All reasonable questions, but almost always the wrong starting question.
The hardest part of investing in India as an NRI isn't the investing; it's everything that wraps around it. The tax jurisdiction you happen to live in. The kind of paperwork your home country expects. Whether the fund or stock you're holding gets treated normally back home or gets dragged into a foreign-investment penalty regime that nobody warned you about. Picking the right fund or stock matters, but the structure around it usually matters more.
The most common pattern we see is investing first, getting advice later. By the time you begin to ask the right questions, the damage is already done. And fixing cross-border tax issues retrospectively is many times more expensive than setting things up correctly at the start.
Before we get to those issues, there's a prior question that comes up often: should NRIs invest in India at all? Given the rupee's long-term depreciation and the cross-border tax complexity, it's a fair thing to ask. Our honest answer is that it depends on whether you have an Indian future. Many NRIs and OCIs do, for one or more reasons: a meaningful probability of returning someday; ongoing rupee expenses to cover (parents' costs, property, family obligations); wealth already sitting in India in rupees (an inheritance, proceeds from a family property sale, savings from years of working in India) that doesn't need to be repatriated; and the diversification benefit, since Indian equity has historically had imperfect correlation with Western markets. Tick any one of those boxes, and Indian equity earns its place in a long-horizon portfolio. We cover this in depth in Episode 1 of our NRI Investing podcast series. You can find the episode here.
If you have a need or desire to invest in India, here are the four issues that matter:
- The first is your tax residency, which many NRIs misidentify.
- The second is the choice of investment vehicle, because Indian mutual funds and Indian stocks travel very differently through foreign tax codes.
- The third is what your home-country tax liability actually looks like when you hold those investments. The gap between a clean filing and a punitive one is often wider than people realize.

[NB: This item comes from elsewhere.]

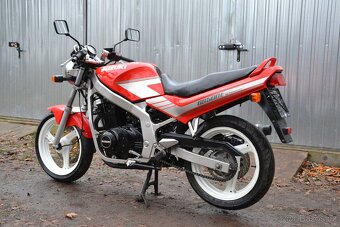 Suzuki GS 500E Slingshot - 4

- The fourth is having the right advisors in place, with the right data to support them.
Let’s look at them one by one.
1. Where you pay tax (and the citizenship trap)
The Indian equity market doesn't distinguish between investors based on where they live. For the Indian tax authorities, it's the same listed companies, same Nifty indexes, same mutual funds irrespective of whether you are an Indian tax resident or have decided to migrate to Mars (hopefully that becomes a reality one day). What changes, dramatically, is how the country you are a tax resident of chooses to tax your Indian holdings.

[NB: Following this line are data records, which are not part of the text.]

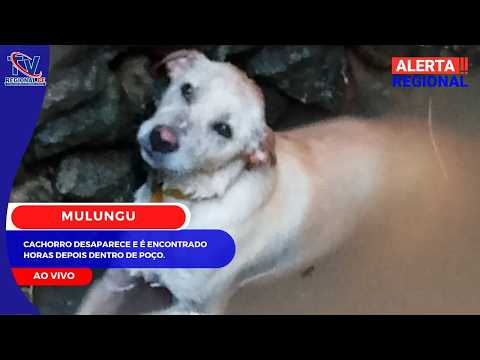 ALERTA REGIONAL - MULUNGU: Cachorro desaparece e é encontrado horas depois dentro de poço.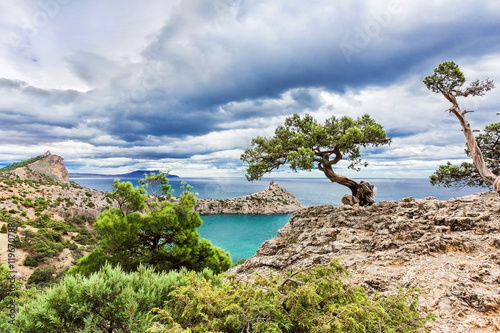 pine on a rock near the sea cloudy day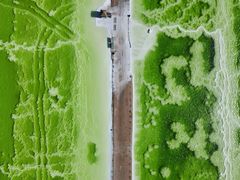 -察尔汗盐湖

A common mistake we see is conflating Indian citizenship with tax residency. Being an Indian citizen, i.e., holding an Indian passport, doesn't determine how your investments are taxed. NRIs often assume that because they're Indian by origin, Indian investments are "domestic" for them. They aren't. Objectively, what this means is that a US-resident NRI and a Singapore-resident NRI buying the same Indian stock can have entirely different tax implications. The same Indian mutual fund unit creates serious tax friction for a Canadian resident and almost none for a UAE resident. The Indian asset hasn't moved. The lens through which it's taxed has.
Another common mistake we see is not updating the tax structure when circumstances change. The classic version: someone moves to the US on an L1 visa, with a lot of Indian mutual fund investments back home, lives in the US for years still holding the same funds and only discovers years later that they've accumulated unreported exposure. The investor wasn't negligent. They just never connected the Indian portfolio to the tax residency change. Returning Green Card holders moving back to India have the mirror version of the same problem: they need to actively decide whether to retain or formally abandon the Green Card, because that decision determines whether US rules continue to apply. Marriage, job moves, kids born in different countries: each of these can trigger a change in tax residency or reporting obligations.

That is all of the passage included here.